The CRM allocator. The credit risk mitigation processor went through three rewrites. The first version was a single-allocation pass: each piece of collateral is assigned to one exposure, full stop. That ignored counterparty-level pools (a parent guarantee covering many drawdowns) and facility-level pledges (a master collateral basket). The second version was multi-level: direct → facility-level pro-rata → counterparty-level pro-rata, with overcollateralisation thresholds (1.4x for non-financial RE/other, 1.25x for receivables, 1.0x for financial). The third version, shipped in 0.2.0, added pool-awareness for AIRB own-LGD anti-double-counting — the war story from post 6. Each rewrite was three to four weeks of work and produced numbers that looked correct under the previous test set. Each successive set of acceptance scenarios revealed why the previous version was structurally insufficient.
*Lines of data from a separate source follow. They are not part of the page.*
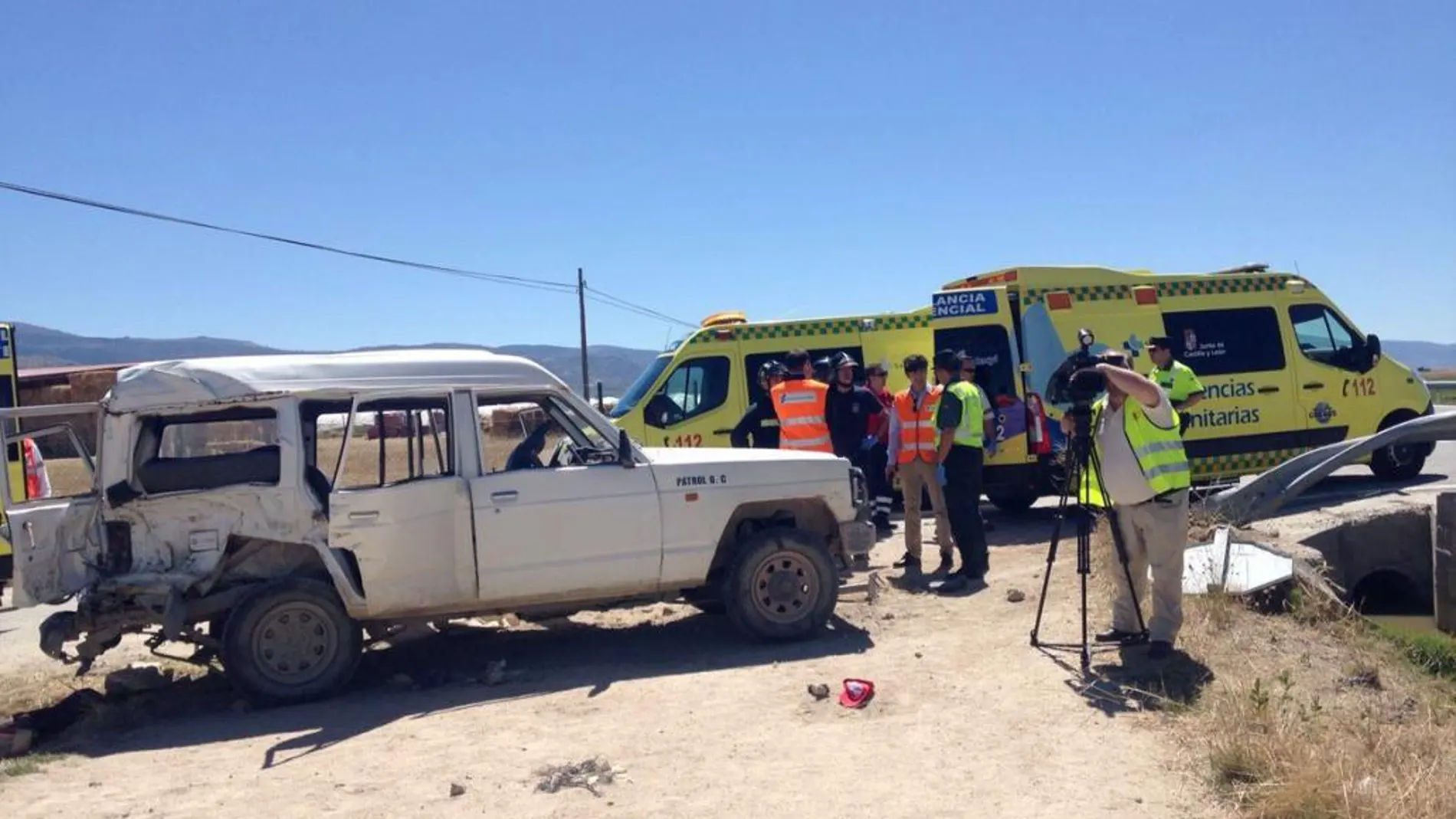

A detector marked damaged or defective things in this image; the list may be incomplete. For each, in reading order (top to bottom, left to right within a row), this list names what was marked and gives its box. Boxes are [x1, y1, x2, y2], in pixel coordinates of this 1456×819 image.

damaged white suv [0, 350, 867, 703]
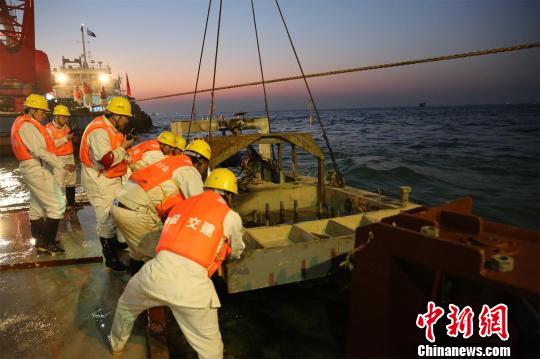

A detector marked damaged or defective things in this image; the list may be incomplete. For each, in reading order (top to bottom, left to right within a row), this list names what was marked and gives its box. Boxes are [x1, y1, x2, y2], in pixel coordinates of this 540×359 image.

rusty metal equipment [348, 198, 536, 358]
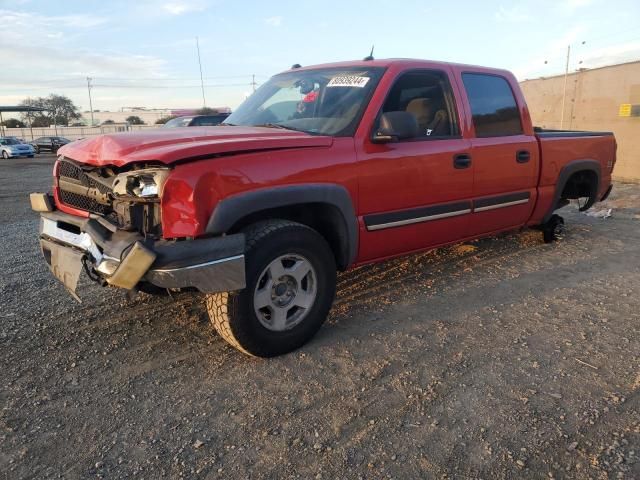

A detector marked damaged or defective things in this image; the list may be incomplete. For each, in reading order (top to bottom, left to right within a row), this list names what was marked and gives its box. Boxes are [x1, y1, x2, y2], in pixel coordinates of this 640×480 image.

broken headlight [114, 168, 170, 198]
crumpled hood [58, 125, 336, 167]
damaged front end [32, 158, 248, 300]
detached bumper [36, 208, 245, 298]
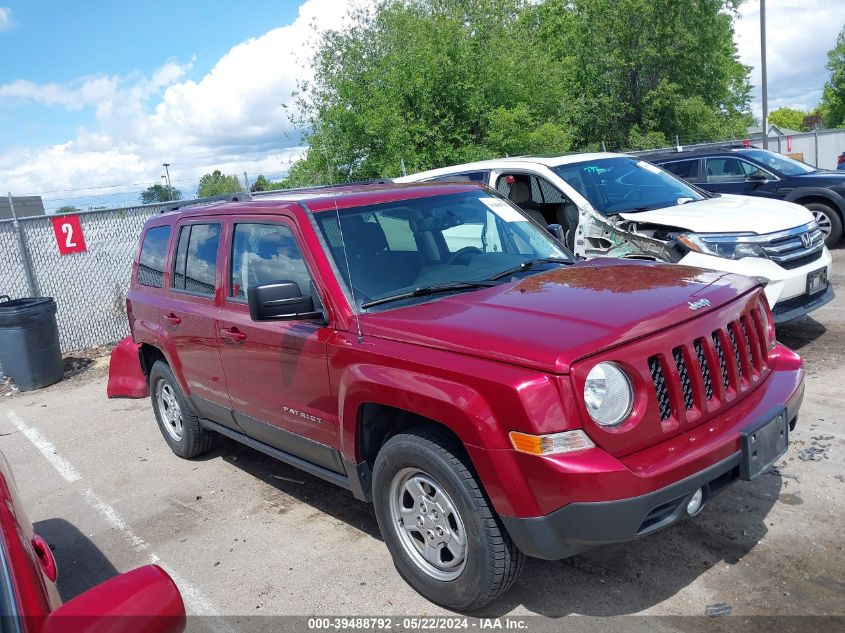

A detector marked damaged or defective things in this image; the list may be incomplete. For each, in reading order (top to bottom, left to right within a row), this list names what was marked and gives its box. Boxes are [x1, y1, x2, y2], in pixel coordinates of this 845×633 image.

white damaged car [398, 152, 836, 320]
crumpled white hood [616, 193, 816, 235]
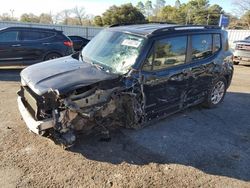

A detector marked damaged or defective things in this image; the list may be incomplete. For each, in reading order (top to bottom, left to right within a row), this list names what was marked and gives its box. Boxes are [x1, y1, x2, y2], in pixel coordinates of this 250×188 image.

cracked windshield [82, 29, 145, 74]
crumpled front hood [21, 55, 118, 94]
damaged black suv [17, 23, 232, 147]
missing front bumper [17, 96, 54, 134]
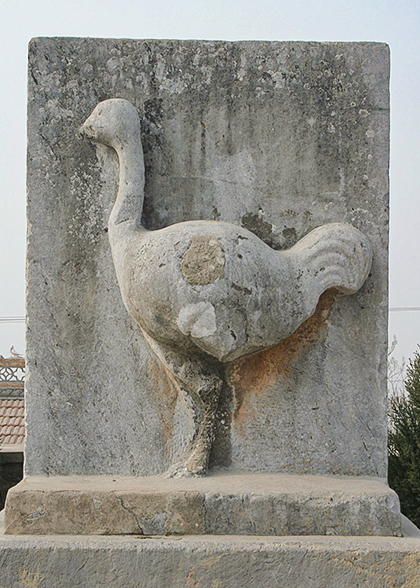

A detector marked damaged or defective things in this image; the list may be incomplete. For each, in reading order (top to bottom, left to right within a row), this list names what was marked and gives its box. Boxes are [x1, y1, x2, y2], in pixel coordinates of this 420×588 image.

orange rust stain [146, 354, 179, 450]
orange rust stain [228, 288, 340, 422]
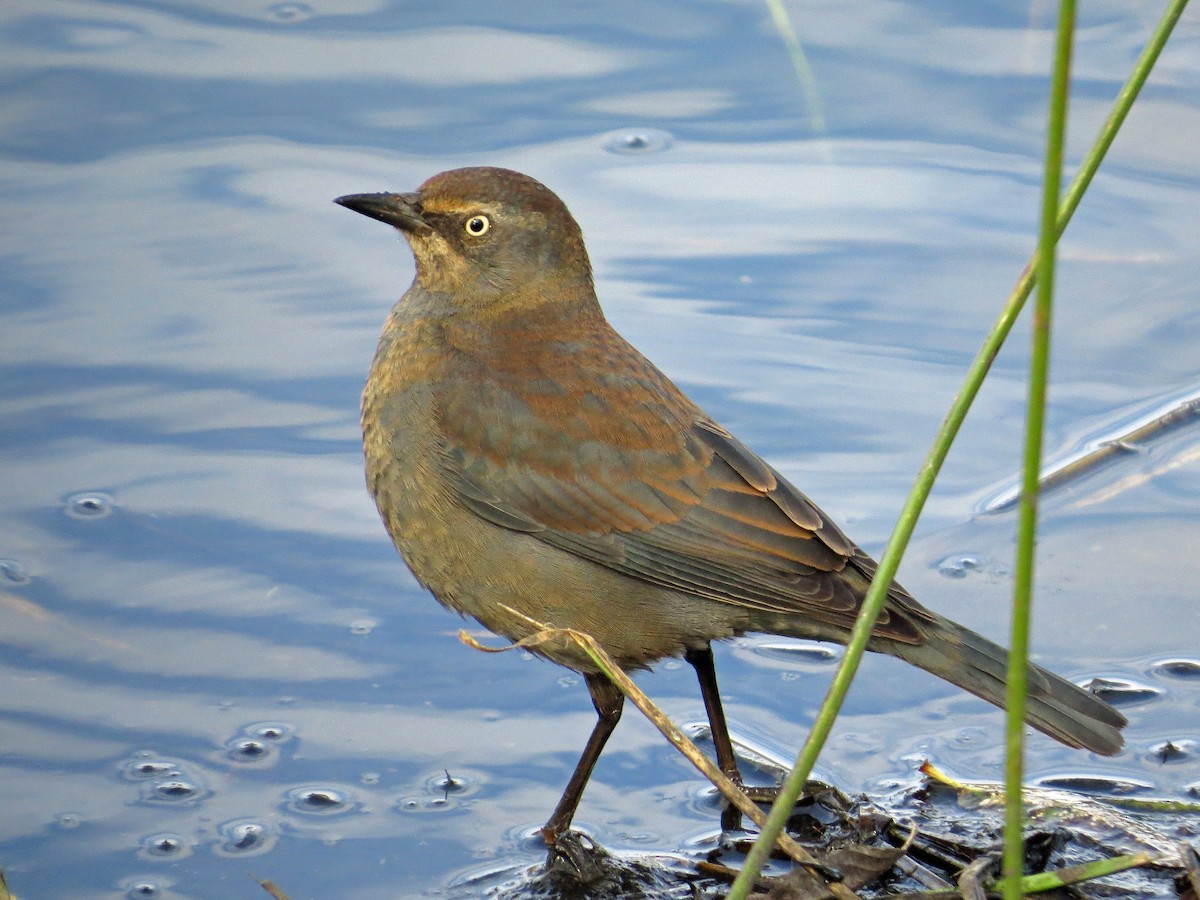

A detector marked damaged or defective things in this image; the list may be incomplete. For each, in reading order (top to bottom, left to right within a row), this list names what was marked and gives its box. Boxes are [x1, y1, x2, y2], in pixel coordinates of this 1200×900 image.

rusty blackbird [336, 167, 1128, 844]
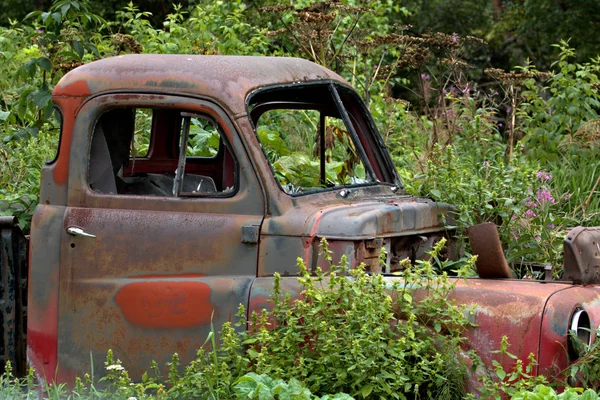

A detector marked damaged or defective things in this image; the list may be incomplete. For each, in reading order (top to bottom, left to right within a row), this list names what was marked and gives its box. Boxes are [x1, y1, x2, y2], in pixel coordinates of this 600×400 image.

rust patch [115, 278, 213, 328]
peeling red paint [115, 282, 213, 328]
Rating inheritance. Resolving "the counterparty's effective rating" turned out to be two parallel resolutions, not one. Internal ratings (which carry a PD) and external ratings (which carry a CQS) inherit from different parent chains under different rules, with Art. 138 multi-rating selection layered on top of the external chain. The classifier gates IRB on internal_pd is not null, not on rating presence. Sovereigns with external CQS but no internal PD always land on SA even when F-IRB is permitted. The whole story took six weeks across engine/hierarchy.py, the classifier, and the cross-approach guarantor routing — most of which I underestimated as "should be a couple of joins."
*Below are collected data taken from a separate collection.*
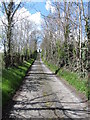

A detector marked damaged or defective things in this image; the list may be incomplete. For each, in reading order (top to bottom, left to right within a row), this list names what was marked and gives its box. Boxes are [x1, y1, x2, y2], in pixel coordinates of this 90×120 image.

cracked road surface [3, 54, 88, 119]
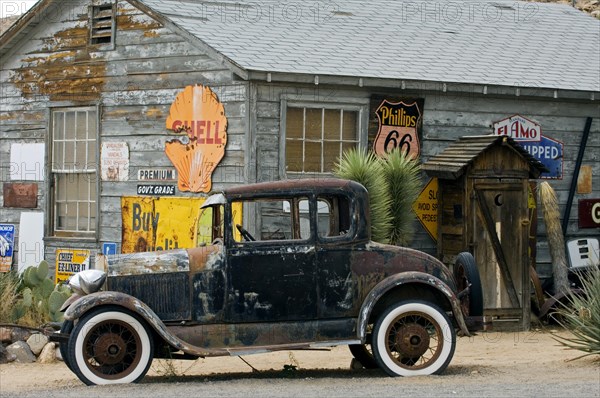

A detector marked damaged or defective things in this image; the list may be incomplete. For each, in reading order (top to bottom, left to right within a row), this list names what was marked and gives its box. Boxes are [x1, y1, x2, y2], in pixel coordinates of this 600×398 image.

rusted metal sign [164, 85, 227, 193]
rusted metal sign [2, 183, 37, 208]
rusted metal sign [120, 197, 243, 255]
rusted metal sign [410, 178, 438, 241]
rusted metal sign [580, 198, 600, 229]
rusted metal sign [55, 249, 90, 282]
rusty vintage car [51, 179, 482, 384]
corroded car body [54, 178, 486, 386]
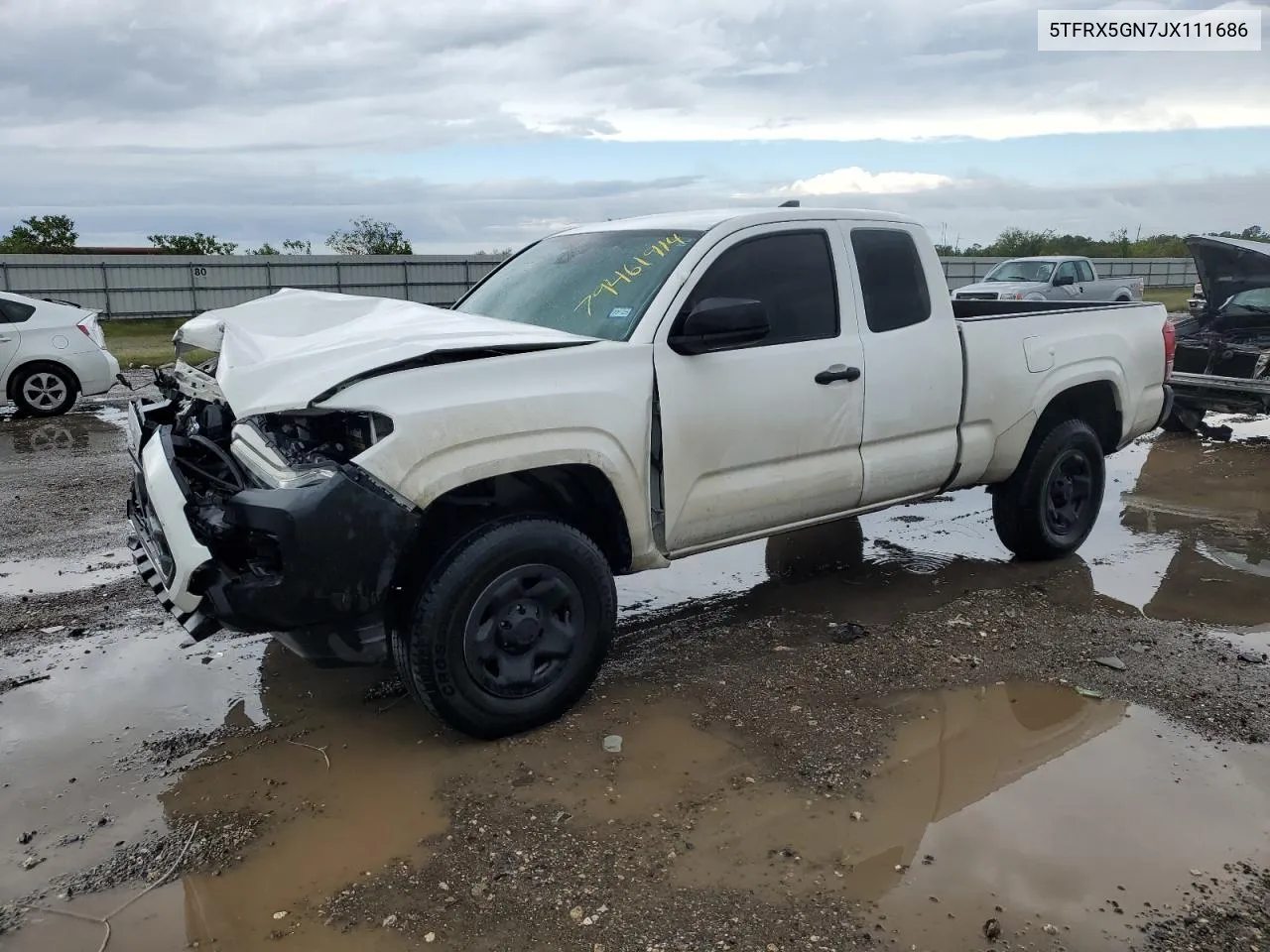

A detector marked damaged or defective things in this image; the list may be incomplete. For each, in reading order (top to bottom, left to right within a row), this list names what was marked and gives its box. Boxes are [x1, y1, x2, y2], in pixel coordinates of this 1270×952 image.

crumpled hood [170, 287, 599, 414]
damaged front end [1163, 237, 1270, 433]
crumpled hood [1178, 234, 1270, 320]
damaged front end [127, 360, 419, 664]
broken headlight [230, 411, 393, 492]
The output floor's OF-ADJ. The headline max(U-TREA, x × S-TREA) formula from post 5 is straightforward. The OF-ADJ reconciliation between IRB provision treatment (EL shortfall to CET1, excess to T2 capped at 0.6% of IRB RWA) and SA provision treatment (general credit risk adjustments to T2 directly) was not. The first cut conflated GCRA and SCRA, which produced floor numbers that were quietly wrong on any portfolio with non-zero general provisions. Sorting out the GCRA / SCRA boundary against Reg (EU) 183/2014, the 1.25% S-TREA cap on GCRA, and the 12.5x own-funds-to-RWA conversion took longer than the rest of the floor implementation combined.
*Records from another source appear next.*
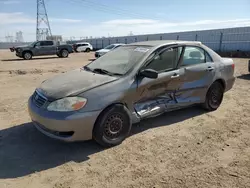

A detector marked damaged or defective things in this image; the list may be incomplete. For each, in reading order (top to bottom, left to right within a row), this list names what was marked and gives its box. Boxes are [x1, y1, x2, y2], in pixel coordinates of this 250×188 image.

damaged car door [134, 45, 185, 119]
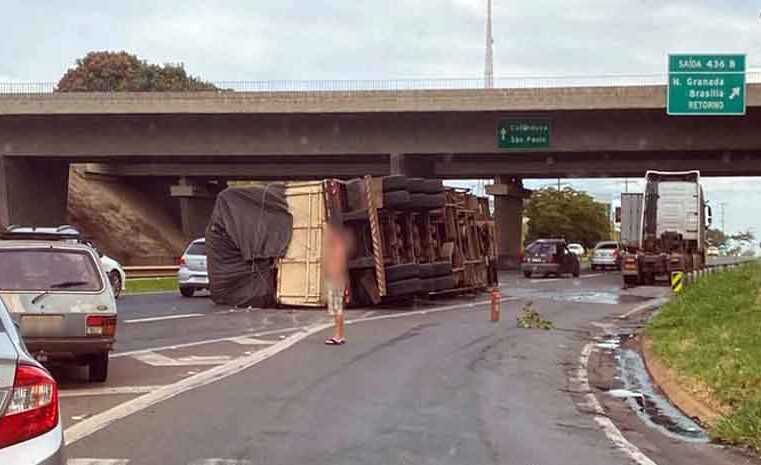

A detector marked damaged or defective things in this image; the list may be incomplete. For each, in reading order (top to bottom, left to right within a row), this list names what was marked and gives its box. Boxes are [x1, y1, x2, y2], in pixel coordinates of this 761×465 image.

overturned truck [206, 175, 498, 308]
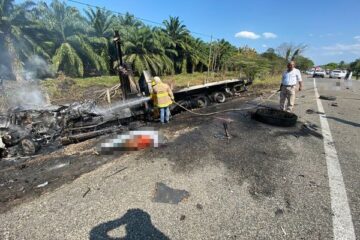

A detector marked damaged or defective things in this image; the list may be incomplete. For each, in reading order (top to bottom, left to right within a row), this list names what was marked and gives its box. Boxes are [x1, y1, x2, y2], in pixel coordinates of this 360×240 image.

burned wreckage [0, 31, 252, 158]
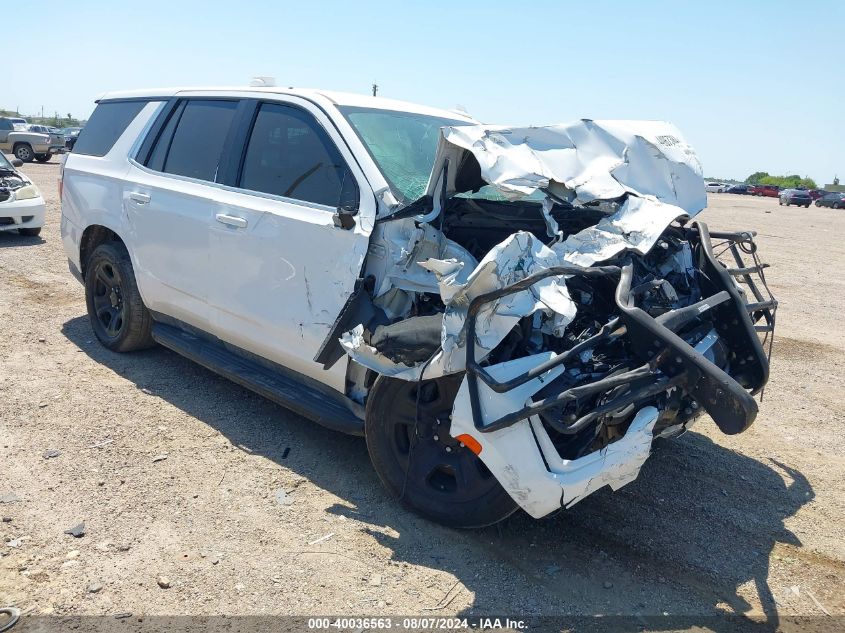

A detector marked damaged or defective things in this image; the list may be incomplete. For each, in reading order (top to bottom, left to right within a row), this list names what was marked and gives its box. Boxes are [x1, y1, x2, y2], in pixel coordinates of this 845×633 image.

crumpled hood [422, 118, 704, 215]
torn sheet metal [426, 119, 704, 214]
wrecked front end [328, 119, 772, 520]
torn sheet metal [448, 354, 660, 516]
damaged front bumper [452, 220, 776, 516]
RGLA / PSE classification routing. Regional governments and public sector entities can be treated as sovereign-derived or institution-treated; the same counterparty therefore has two possible exposure classes. I knew about this in principle. I learned the consequences from a version 0.1.63 bug where rgla_institution and pse_institution counterparties carrying internal ratings were silently routed to SA regardless of IRB permissions, because the permission expressions were keyed on the SA exposure class while the IRB permission table only listed CGCB and INSTITUTION. The fix touched the classifier, the model-permissions resolver, the entity-type maps, and a substantial set of regression tests. The lesson — that "what class is this exposure?" is genuinely a two-answer question — would have been much cheaper to learn from the rule book than from the bug.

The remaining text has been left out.